STORED DATA START
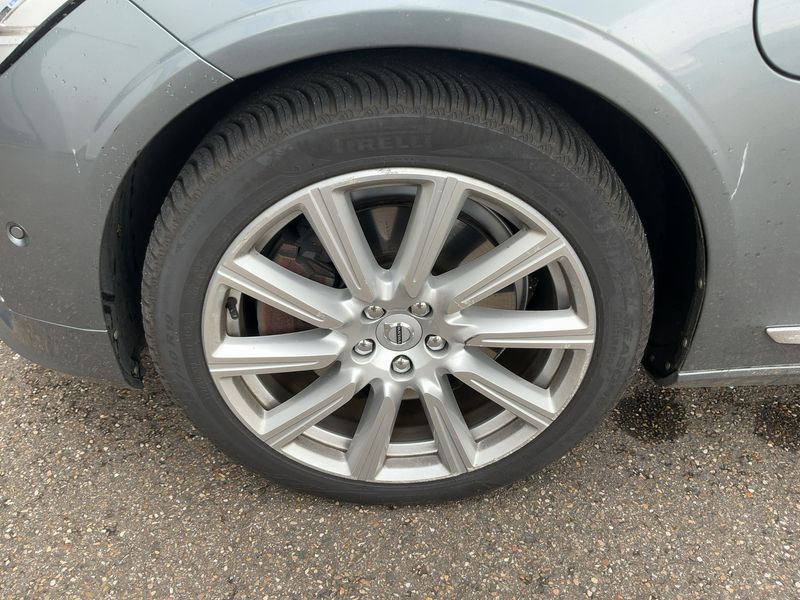 Volvo S90 2.0 T6 WIN ENGINE Inscription Plug-In Hybrid AWD 2017 – снимка 3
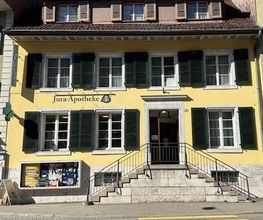 Jura-Apotheke Balsthal AG Bild 7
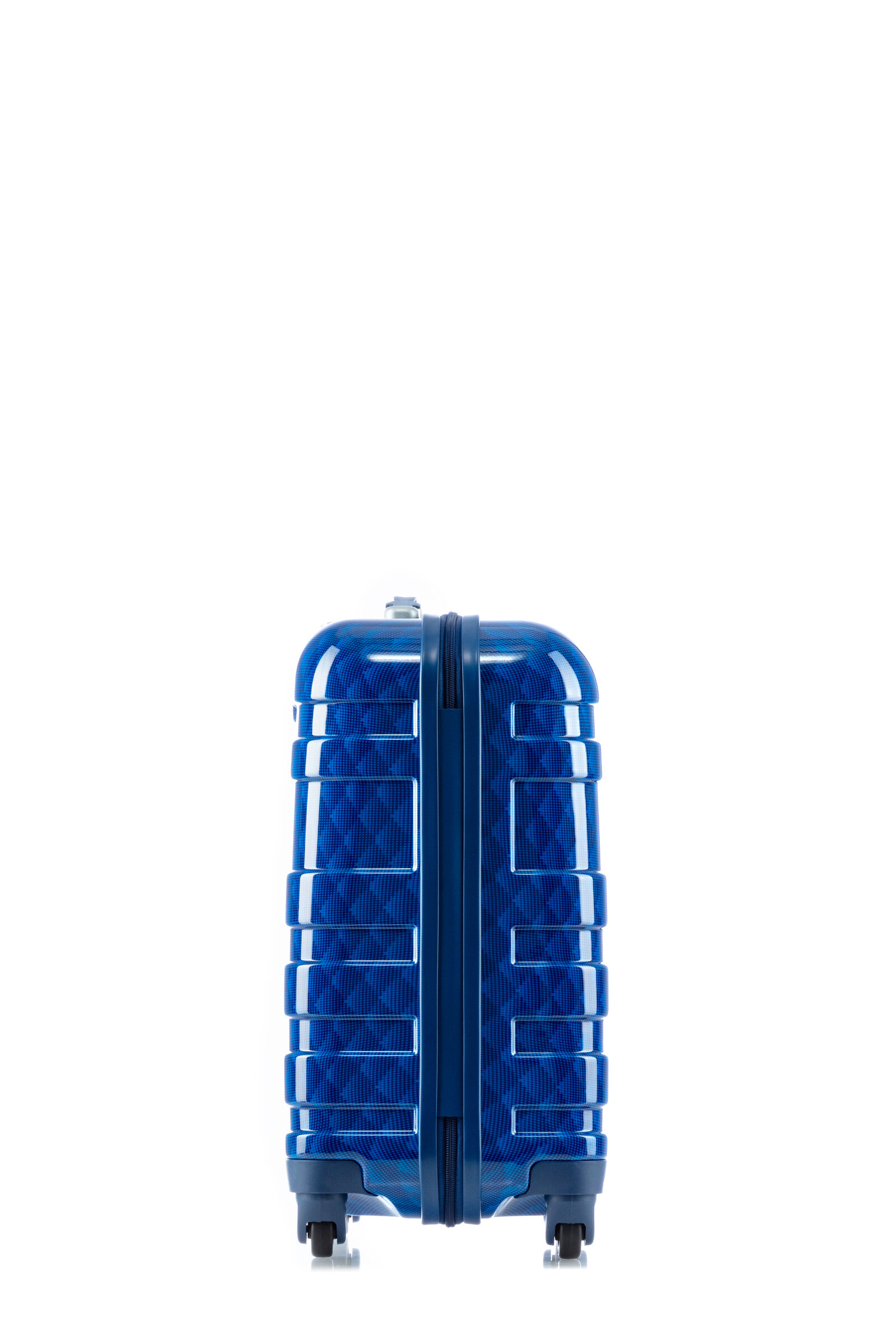 american tourister hs mv  deluxe spinner 79cm exp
STORED DATA END
INSTRUCTIONS TO FOLLOW: All lines from the one that contains "Jura-Apotheke Balsthal AG Bild 7" through the last line of the data should be retyped exactly, with the pictures left out.

REPLY:
 Jura-Apotheke Balsthal AG Bild 7
 american tourister hs mv  deluxe spinner 79cm exp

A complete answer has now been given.